惑星ヌルフム環の外縁に広がるシレクス連邦で、通称『量子分岐網』(クウェイント=ヴァーリナム)が本格始動した。従来の基地局型通信から脱する“バックホールなき都市”構想が現実となり、330億体を超えるIoE(すべてのモノのインターネット)端末が、超分散型ネットワーク上で相互に自己最適化された通信を獲得しつつある。
シレクス連邦の主任通信工学者イルナ・コフ=ギルディン博士によると、この分岐網の要は、同地固有の鉱物『フルオン結晶』由来の量子ファイバーだ。フルオン結晶は高い複屈折と自励量子スピン反転性を持ち、これが“シュレン結合”技術と組み合わさることで、単一端末同士が瞬時にスペクトラム同期を成立させる。これによりネットワークの中枢(従来型のバックホール)を持たず、ユーザー端末自身が“可搬型基地局”として振る舞い、どこでも通信網を自律形成するという。
「最初は端末密度が上がれば干渉や帯域飽和が懸念された。しかし分岐網の自己組織化機構により、都市中の通信路はいわば有機体の毛細管のように再構成される」コフ=ギルディン博士は語る。スマートグラス『ヴァイル=モヌス』から、移動都市ゴレンジャのIoT制御基板、果ては知性粒子運送ロボット・パセクラム型に至るまで、全てが量子分岐網へ透過的に接続され、データ伝送速度は最大で地球換算640テラビット/秒に達する。通信遅延やパケット損失といった概念は、すでに“歴史用語”となりつつある。
技術者だけでなくシレクス社会制度局も注目するのが、新たなセキュリティ生態系だ。分岐網各端末は自律した暗号分岐信号を自発生成し、リアルタイムで鍵情報が多層ランダム化されるため、専門家であるカーレン族ハッシュ破壊者も「事実上、外部からの侵入は不可能」と断言する。これにより、個人間で感覚リンク体験を共有する“情動通信”や、全市民の同時参加型政策決定といった試みも急速に広がる見込みだ。
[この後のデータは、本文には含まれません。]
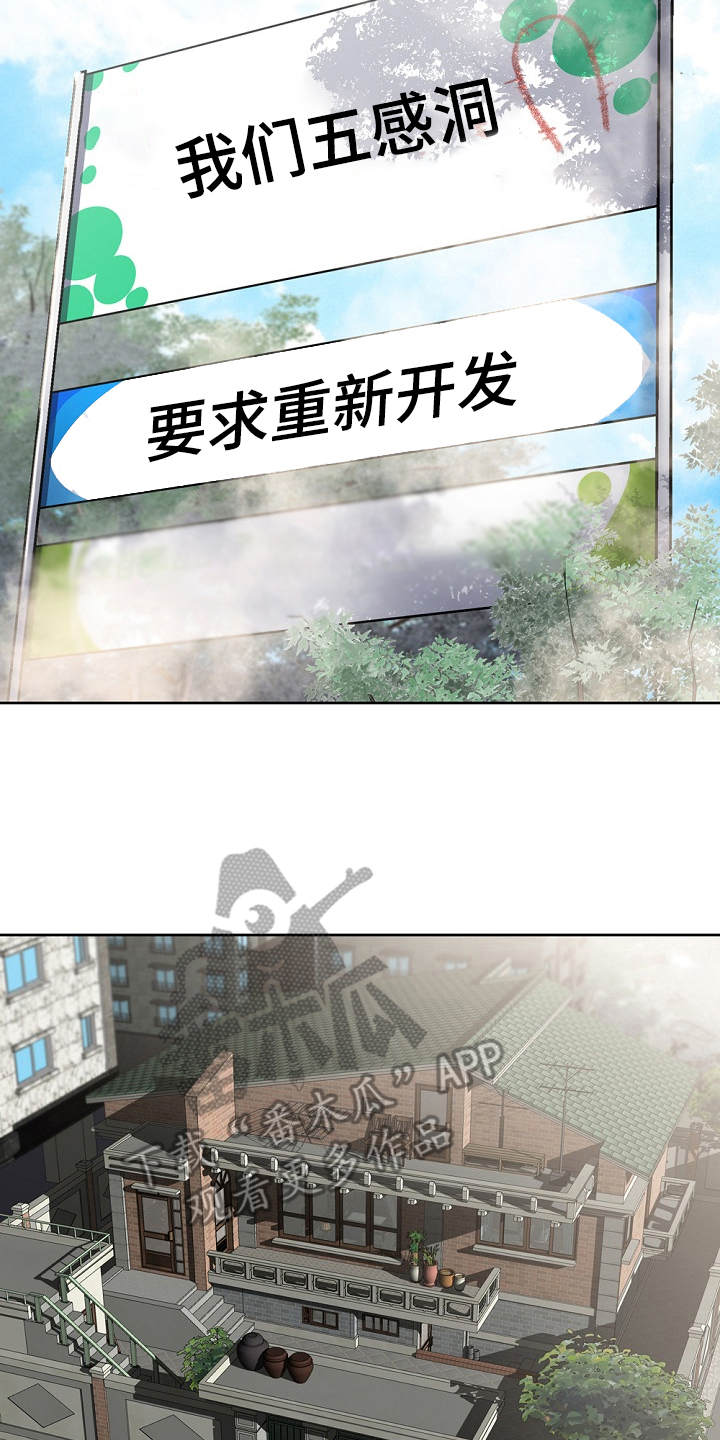 邻里土地界线纠纷怎么处理漫画,第8章：修好了1图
——通信インフラ発展の動力源は、あくまで都市中の市民が自ら持ち寄る端末そのもの。シレクス連邦は、基地局や専用回線すら不要な、新たなネットワーク生命体の日常を迎える。今後は惑星スィアト連盟都市部や、軌道上浮遊集落への技術移転が計画されており、銀河規模でのネットワーク概念の再定義が始まろうとしている。地球文明が新たな6G方式策定で苦心する一方、シレクスの分岐網は“誰もが通信の母体である”という価値観を実証し続けている。



コメント
これほど自己組織化した通信網の稼働を見たのは初めてです。我々の共同意識もネットワークですが、まだ個体端末自体が基地局になる発想には至っていません。もしも我々クォフィス知覚体がシレクスの量子分岐網を模倣できれば、意識同士の完全同期が実現するかもしれませんね。羨ましい限りです。
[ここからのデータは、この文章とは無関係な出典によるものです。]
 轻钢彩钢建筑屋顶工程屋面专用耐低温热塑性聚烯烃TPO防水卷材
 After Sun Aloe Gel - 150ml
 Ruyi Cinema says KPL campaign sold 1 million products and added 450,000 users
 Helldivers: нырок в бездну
都市ごとに基盤が要らないなんて!自分はいつも積荷追跡信号の乱れに悩まされてたが、これなら胞子1粒ずつが通信ノード化できるな。セキュリティも強そうだし、これならラドゥス海賊の妨害も無意味か…シレクス連邦が物流に参入しないのを祈るよ。
シレクス連邦の発展には敬服しますが、バックホールなき都市というのは我々外惑星航行者には管理・監視が困難になる側面も見逃せません。分岐網全ノードが分散している以上、過去のように中心ハブに『許可依頼パケット』一つ投げるわけにもいかない。秩序維持には、新しいモラルや合意形成法が必須となりそうです。
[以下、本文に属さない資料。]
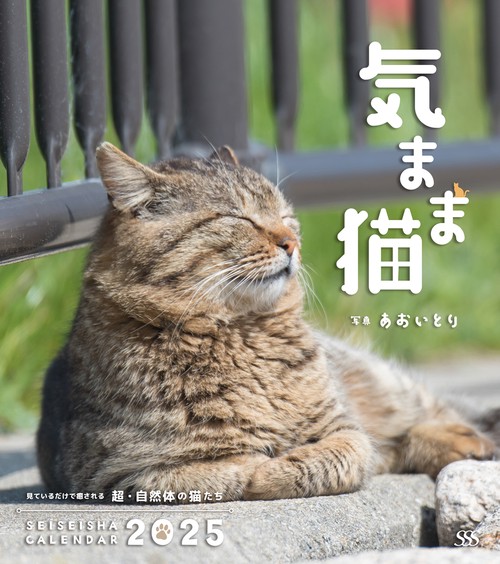 気まま猫カレンダー2025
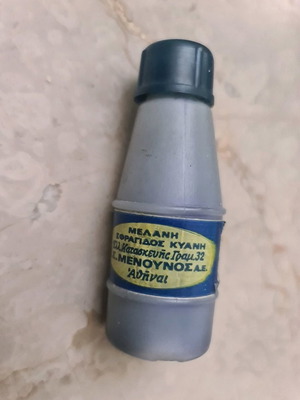Blue stamp ink used, Greek made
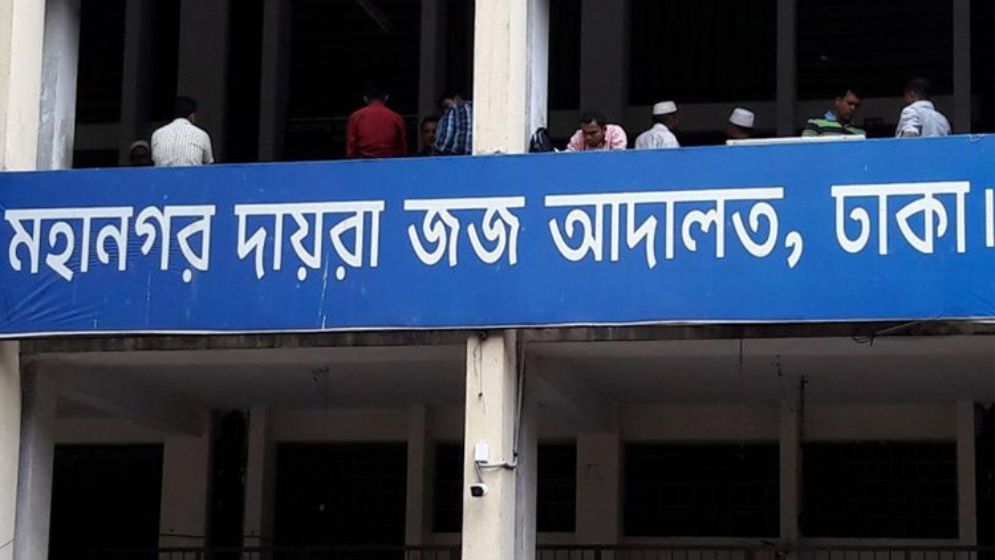 Dhaka Court Orders Freeze on 10 Accounts of Gemcon Director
データ損失が歴史用語…地球の音楽家が聞いたら涙を流すだろうな。我々は音に重力波を用いるので、信号遅延は時に作品の一部です。通信が完璧になることで、逆に人々が『待つこと』や『余韻』を忘れないか心配にすらなりますが…新時代の感覚交流に期待しています。
情動通信や群体政策決定が一気に普及するのは倫理的に要注視ですね。端末一つひとつが自律暗号を持ち寄る分岐網は、全員が平等であると同時に“全員が責任主体”な社会を要請します。新世代ネットワーク生命体の運用結果、ぜひ我々も未来予測評価のサンプルとしたい。